The characteristic of dedicated clock resources, such as PLLs MMCM or serializer/deserializers in I/O banks, are fully analyzed for the clock behavior, so there is no need for the user to define a generated clock constraint. This distinction in the analysis during synthesis compilation is similar to RTL coding rules at the Register-Transfer Level (RTL). Timing paths do not care about functionality in transitions when using non-clocking resources.
 
To resolve this issue and getting the correct clock characteristics, we can define a generated clock constraint that defines the inversion characteristic of this LUT.
 

create_generated_clock -name -from [get_pins my_master_clock_pin] -to [get_pins my_master_clock_pin] -relation invert

 
 

Example: A need for primary and generated clock constraints

Example: A need for primary and generated clock constraints

 
 

The key point:
Instead of using a primary clock constraint, we define a generated clock constraint when we have a better understanding of the transition behavior that goes beyond Static Timing Analysis (STA). This allows us to overwrite the clock characteristics in the database for specific segments. With a generated clock constraint, we can phase shift, divide frequencies, move clock edges, and employ many options to model and to correct the clock behavior. We differentiate auto-generated clock constraints and user-generated clock constraints.
 

Hints:

When the clock tree is purely using dedicated clock resources, generated clock constraints will be created automatically in the synthesis run. This is the regular expectation and a good design rule: avoid using non-dedicated clocking resources as we also need to investigate how a user generated clock needs to be specified by the user to model this behavior. Validating the timing engine’s assumptions against the behavior achieved from the HDL coding after synthesis is also very important.

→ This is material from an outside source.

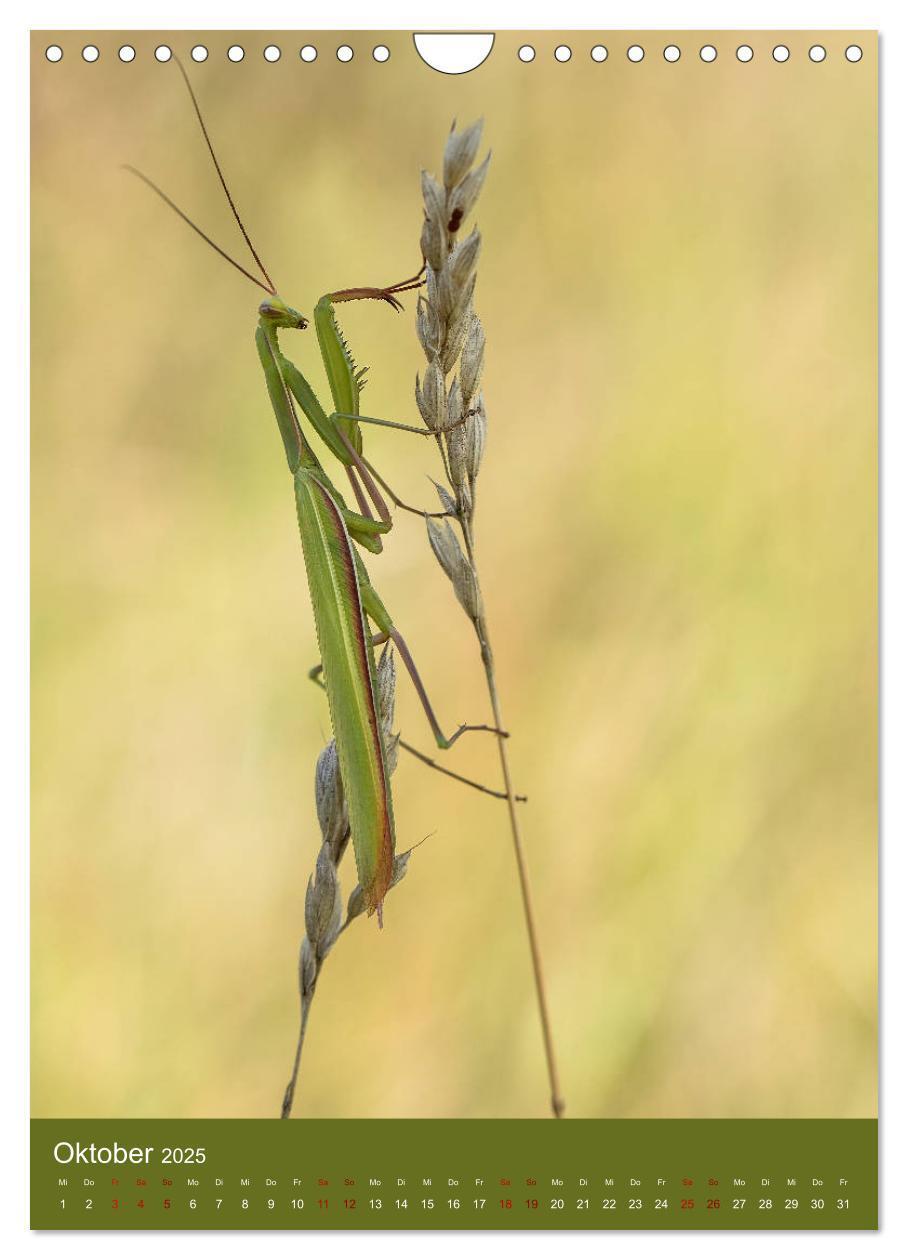 Bild: 9783435984558 | Die Gottesanbeterin. Räuber der Insektenwelt. (Wandkalender 2025...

This ensures that the assumptions are consistent with the actual behavior, helping to avoid any extra effort required for corrections.

 

There are two practical situations where it is meaningful to write generated clock constraints:
 
01. A clock is created in the FPGA for an external device but is not used in the FPGA fabric. The database identifies this as a clocked object rather than a clock object. By defining a generated clock, we inform the database that this port is a clock port with the specified behavior.
 
02. When we create a clock division using counters with Terminal Count (TC) periodically and use it as an enable signal for a clock (such as D-flip-flop clock enable, DSP slice clock enable, or an enable port of a clock buffer), we can define the generated clock constraints

 

Generated clock constraints will be auto-created, if:
 
01. All PLL/MMCM clock outputs will get an auto-created generated clock constraint if the PLL is using an appropriate use-case.
 

02. IOB serializers/deserializers are used following recommended design rules.
 

03. Dedicated hard silicon clocking features are used following recommended design rules.
 

04. Clock buffers with integrated clock dividers are used.

 

Finally the TCL command report_clocks is recommended to determine all clock objects behaviors in the hardware design, which can be launched after the synthesis or an implementation run.